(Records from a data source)
- - -

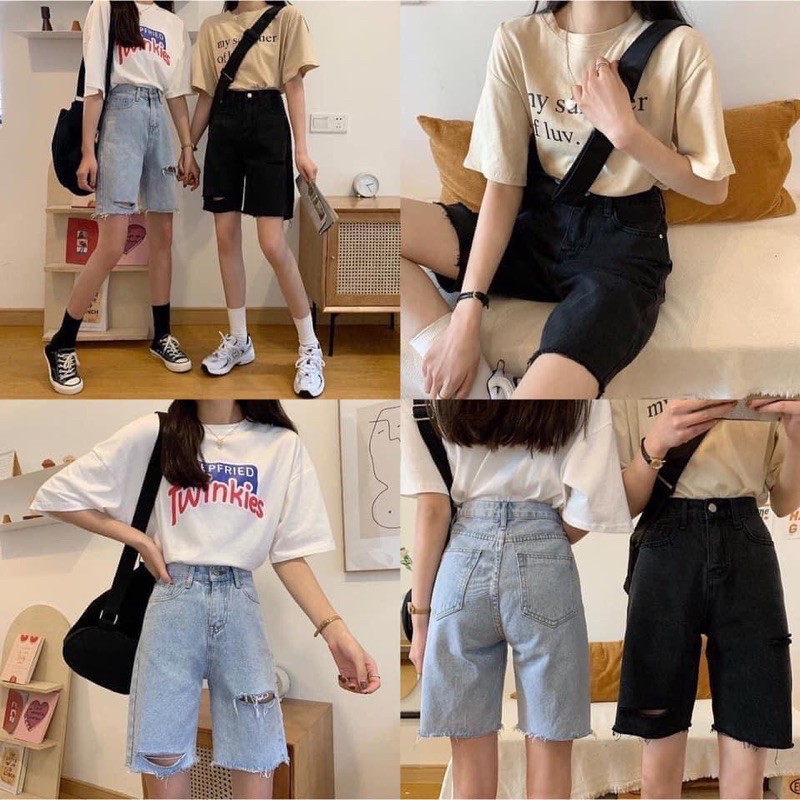 [Bigsize] Quần Lửng Bigsize / Quần Jeans Ngố Lưng Siêu Cao Không Giãn - Rách Ngang Sole Lai Đùi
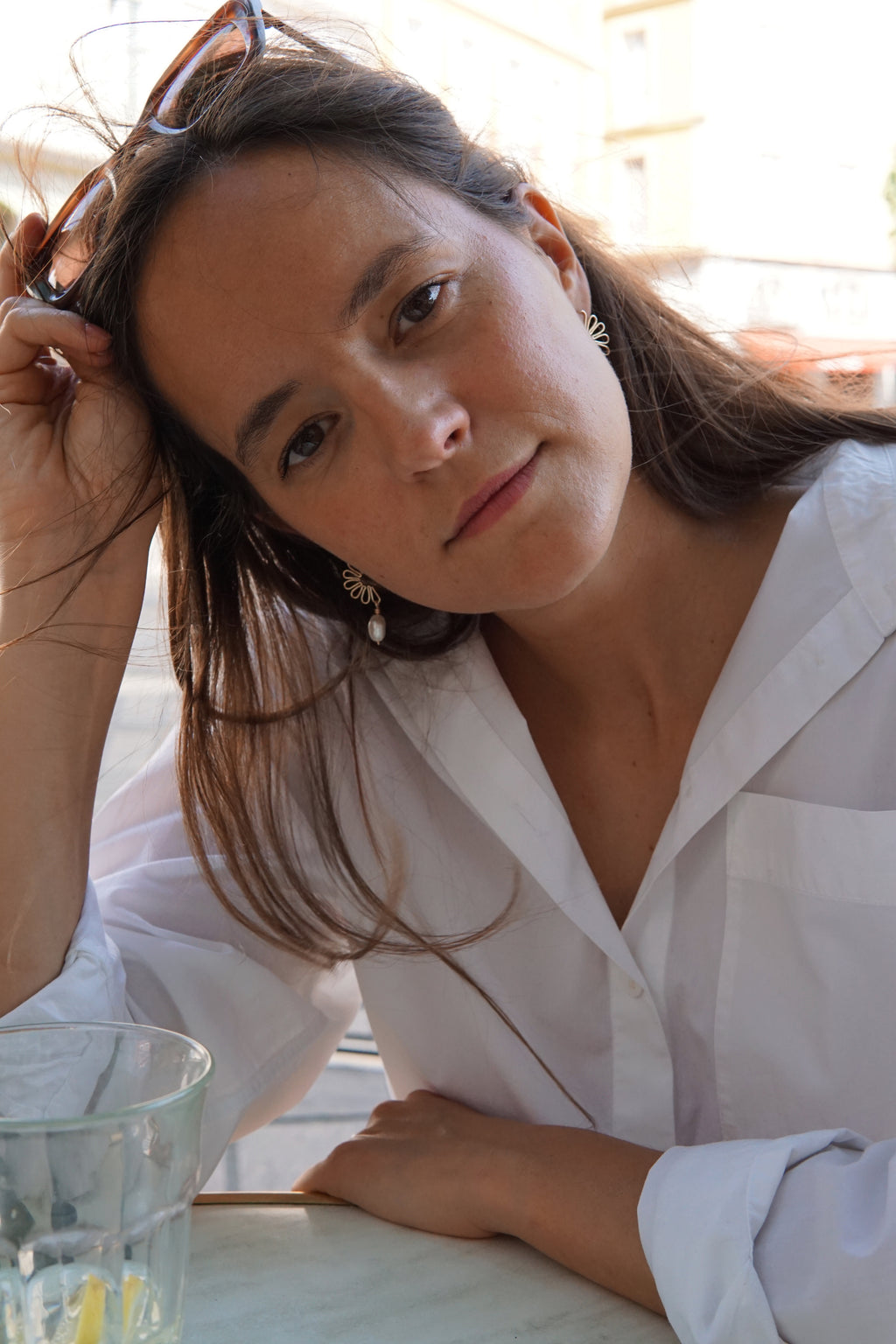 Boucle d'Oreilles Pâquerette Argent et Gold Filled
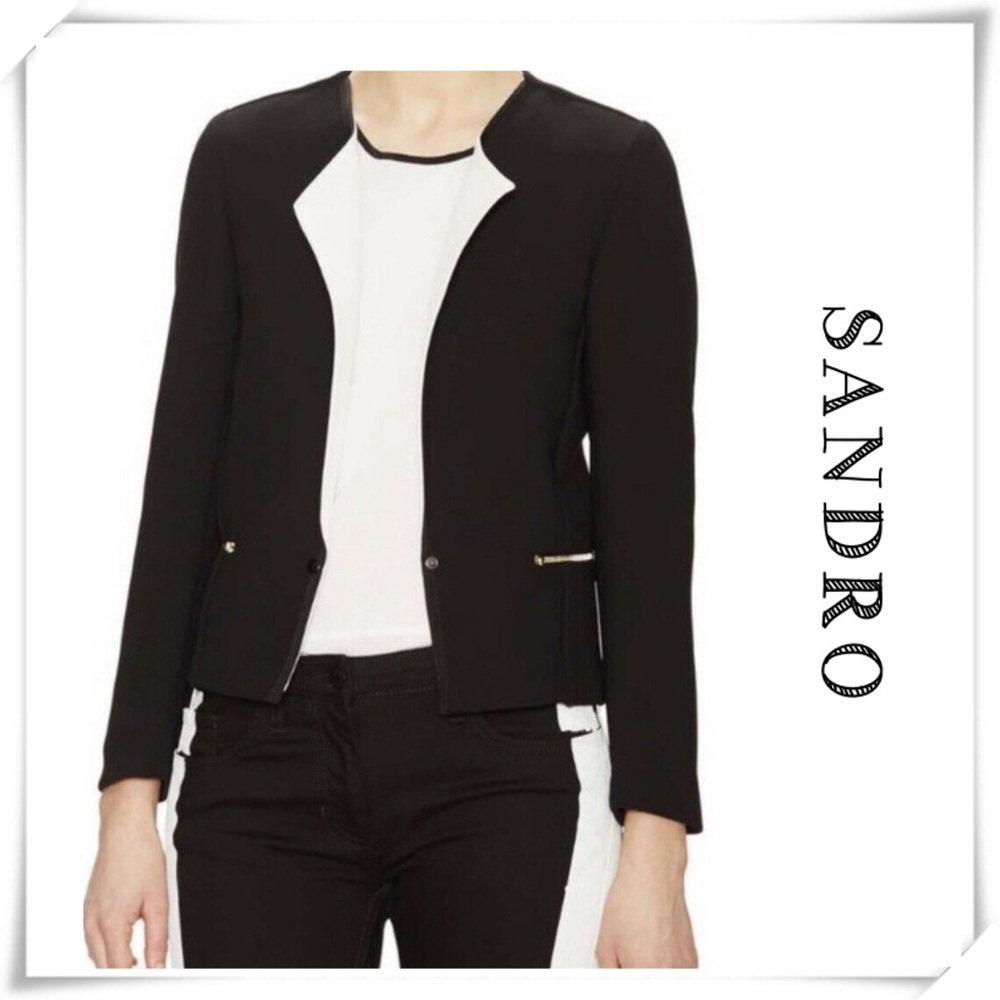 SANDRO Paris White Lapels Blazer Jackets in Black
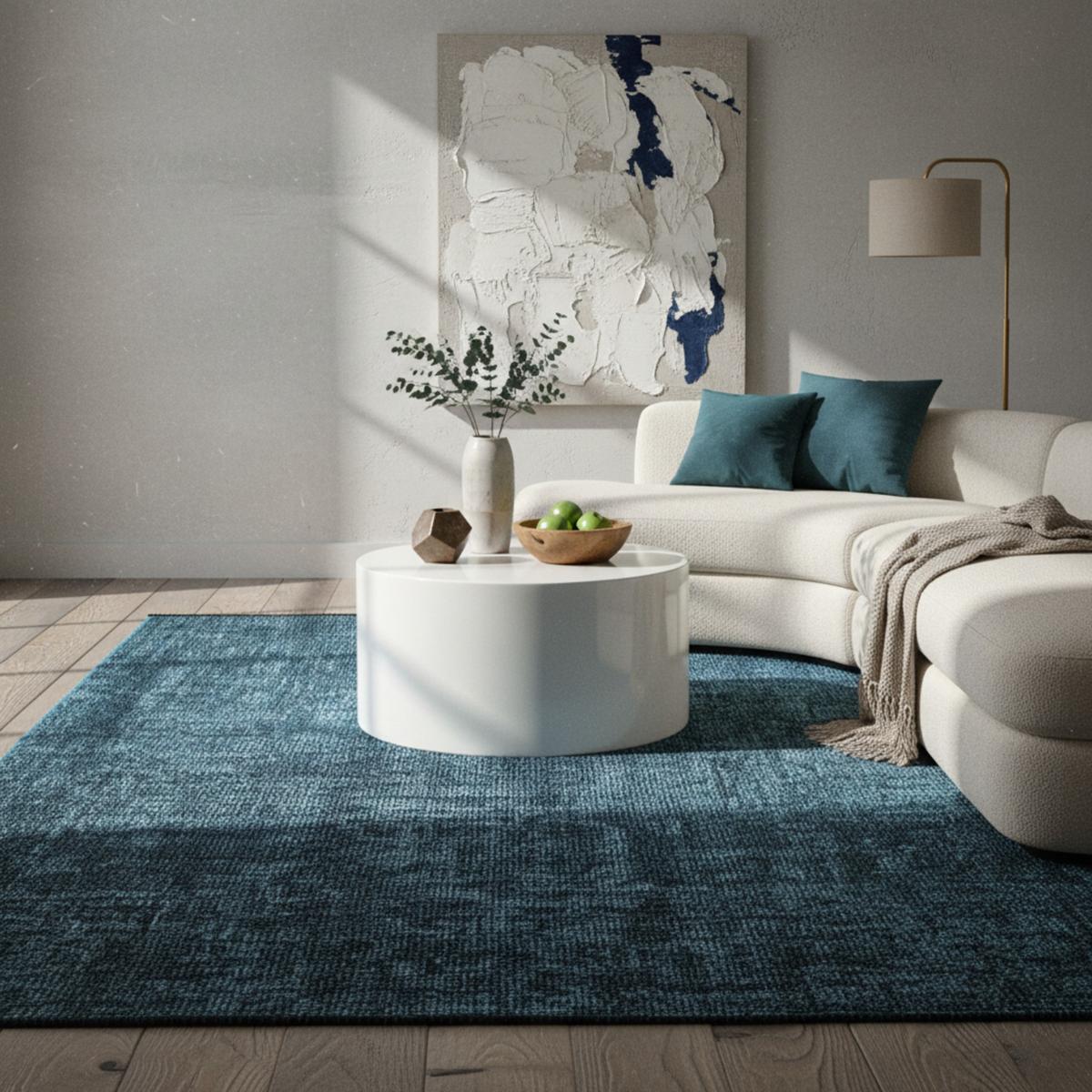 TEPPICH aus Baumwolle Waschbar KOFEL in Blau, einfarbig, 80 x 150 cm - Blau, Textil (150/80cm) - KADIMA DESIGN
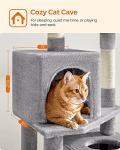 Feandrea Cat Tree, 61-Inch Cat Tower for Indoor Cats, Plush Multi-Level Cat Condo with 5 Scratching Posts, 2 Perches, 2 Caves, Hammock, 2 Pompoms, Light Gray UPCT192W01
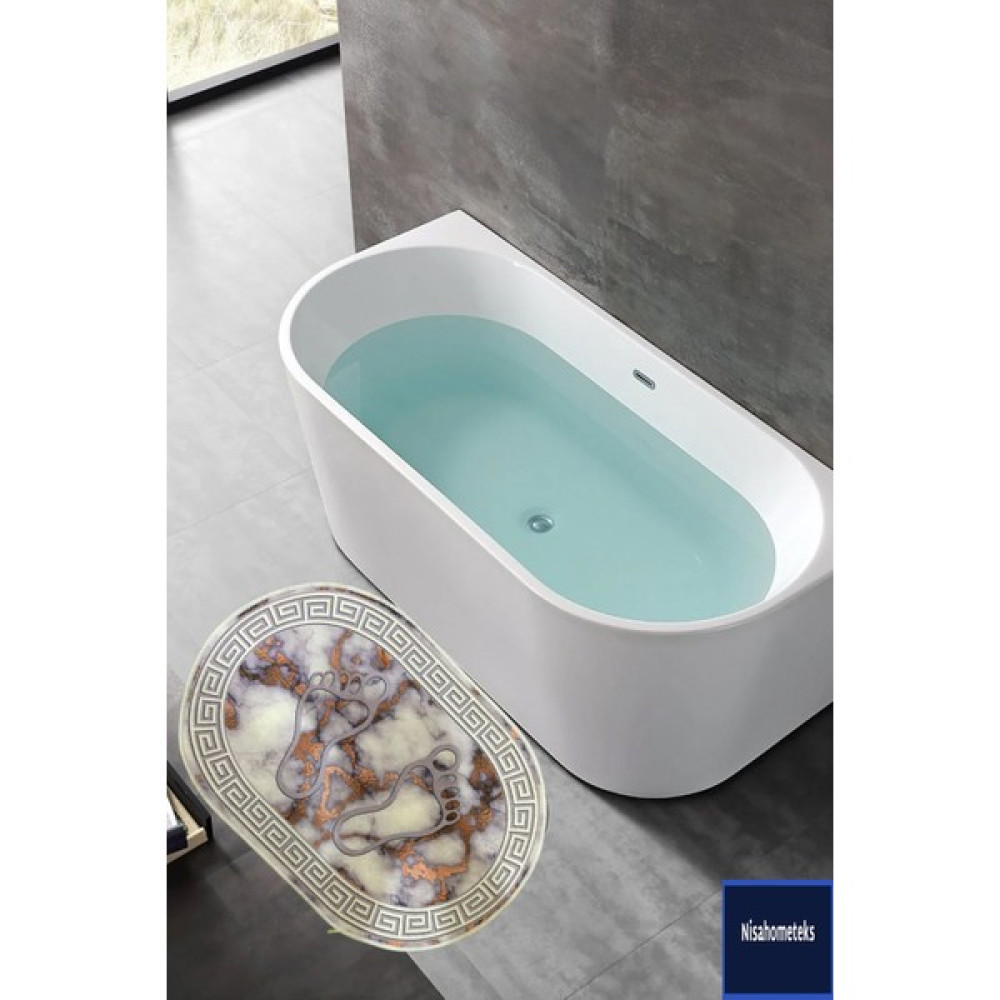 Nisahometeks Oval Banyo Ayak Paspası 40*60 cm - Lila Klozet Takımı Fiyatı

- - -

#### WHAT THE TASK REQUIRES
With pictures left out, transcribe each line from the one containing "SANDRO Paris White" through the end of the data, both ends included.

#### RESPONSE AREA
 SANDRO Paris White Lapels Blazer Jackets in Black
 TEPPICH aus Baumwolle Waschbar KOFEL in Blau, einfarbig, 80 x 150 cm - Blau, Textil (150/80cm) - KADIMA DESIGN
 Feandrea Cat Tree, 61-Inch Cat Tower for Indoor Cats, Plush Multi-Level Cat Condo with 5 Scratching Posts, 2 Perches, 2 Caves, Hammock, 2 Pompoms, Light Gray UPCT192W01
 Nisahometeks Oval Banyo Ayak Paspası 40*60 cm - Lila Klozet Takımı Fiyatı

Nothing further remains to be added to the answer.